CCEA challenged this assessment in arbitration and for the most part prevailed. The arbitrator concluded, among other things, that the assumptions the Plan used to calculate CCEA's withdrawal liability were unreasonable, and he ordered the Plan to recalculate CCEA's liability under different assumptions. Dkt. 21-6 at 1252 (J.A. 6326 (Award at 3)). Specifically, the arbitrator concluded that the 5.0% discount rate assumption utilized in the withdrawal-liability calculation was not adequately supported and ordered the Plan to instead utilize a 7.3% discount rate assumption, which was the discount-rate assumption the Plan used to calculate withdrawal liability prior to 2018. Dkt. 21 at 129 (J.A. 123); Dkt. 21-6 at 1252 (J.A. 6326 (Award at 3)).
Dissatisfied with the arbitrator's decision, the Plan brought this suit. Dkt. 1. Both parties moved for summary judgment seeking to enforce in part and vacate in part the arbitrator's decision. See Dkt. 24; Dkt. 26. After several rounds of briefing, see Dkt. 28–43—due in large part to the D.C. Circuit's issuance of an on-point precedent after the initial summary judgment briefing had concluded, see United Mine Workers of Am. 1974 Pension Plan v. Energy W. Mining Co., 39 F.4th 730 (D.C. Cir. 2022)1 —the Court issued its decision on the parties’ cross-motions to confirm and/or vacate the arbitrator's award, see Dkt. 44. The Court “agree[d] with CCEA and the arbitrator that the Plan's assessment of CCEA's withdrawal liability [could] not stand,” id. at 2, finding that the 5.0% discount rate used to calculate CCEA's withdrawal liability did not reflect the Plan actuary's “best estimate of anticipated experience under the plan,” see 29 U.S.C. § 1393(a)(1); Energy W., 39 F.4th at 734. But the Court was unable to determine whether the arbitrator's chosen remedy passed muster, since his decision failed to “explain why that remedy—as opposed to a more open-ended remedy was appropriate.” Dkt. 44 at 34-35.

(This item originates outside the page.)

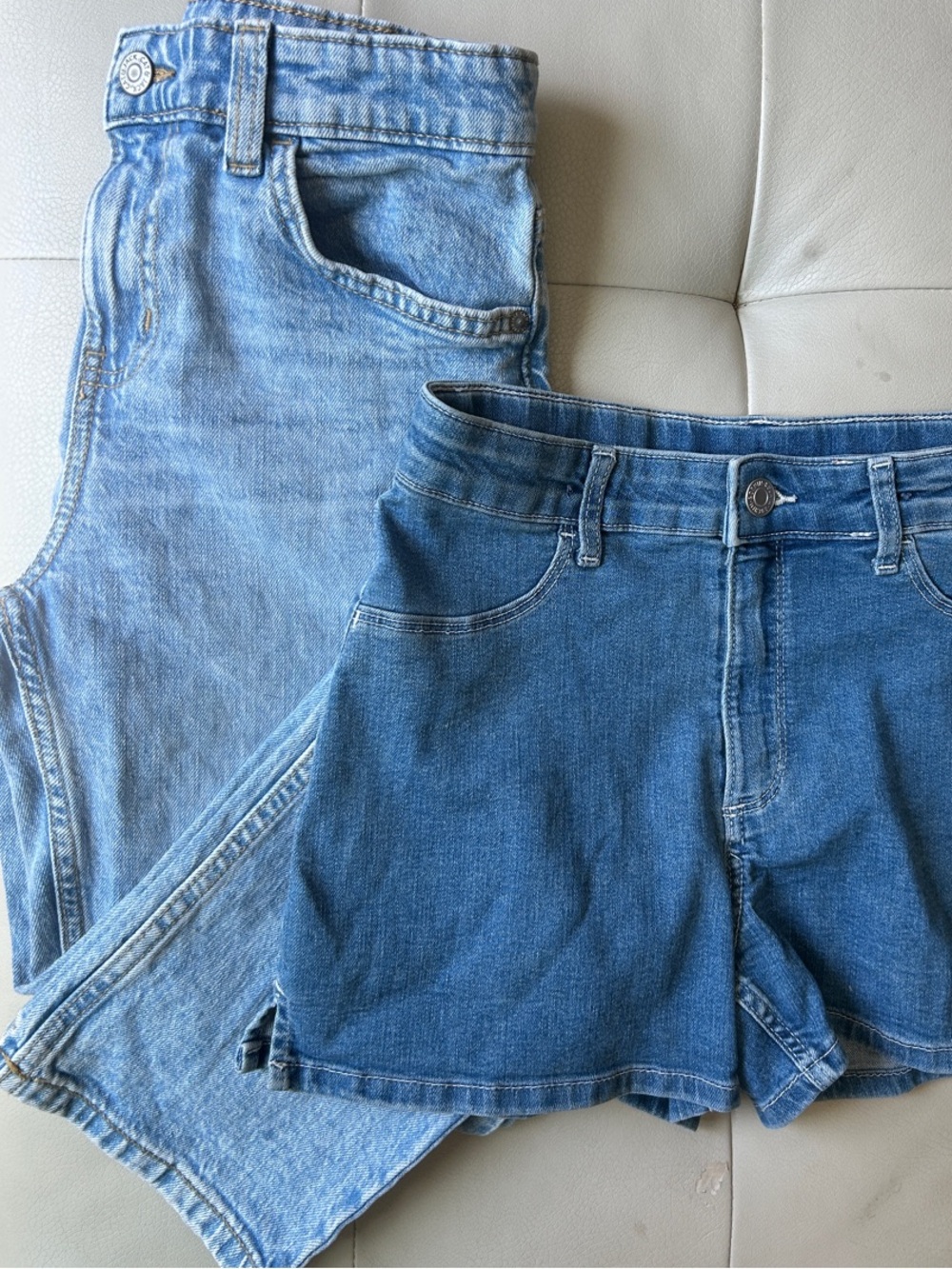 Girls denim bundle; straight leg jeans and shorts. No damage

In reaching that conclusion, the Court first noted that although the usual (and perhaps preferred) remedy when an actuary “fails to provide a sufficient explanation for his decisions [is] a remand” to the actuary, id. at 35, arbitrators do have the “flexibility to impose different remedies in different circumstances,” id. at 34, and sometimes it is “appropriate for an arbitrator to be more prescriptive,” id. at 33. In New York Times Co. v. Newspaper and Mail Deliverers’—Publishers’ Pension Fund, 303 F. Supp. 3d 236 (S.D.N.Y. 2018), for example, the court ordered the plan actuary to use a specific rate to calculate withdrawal liability after the actuary had testified that the plan's funding rate (rather than the rate actually used to calculate the withdrawal liability) was in fact her “best estimate of how the Pension Fund's assets ․ will on average perform over the long term,” id. at 255; see also, e.g., Sofco Erectors, Inc. v. Trs. of Ohio Operating Eng'rs Pension Fund, No. 2:19-cv-2238, 2020 WL 2541970, at *9–*10 (S.D. Ohio May 19, 2020), vacated in part on other grounds, 15 F.4th 407 (6th Cir. 2021) (imposing a discount rate); GCIU-Emp. Ret. Fund v. MNG Enters., Inc., No. 21-00061, 2021 WL 3260079, at *5 (C.D. Cal. July 8, 2021), vacated in part and remanded on unrelated grounds, 51 F.4th 1092 (same).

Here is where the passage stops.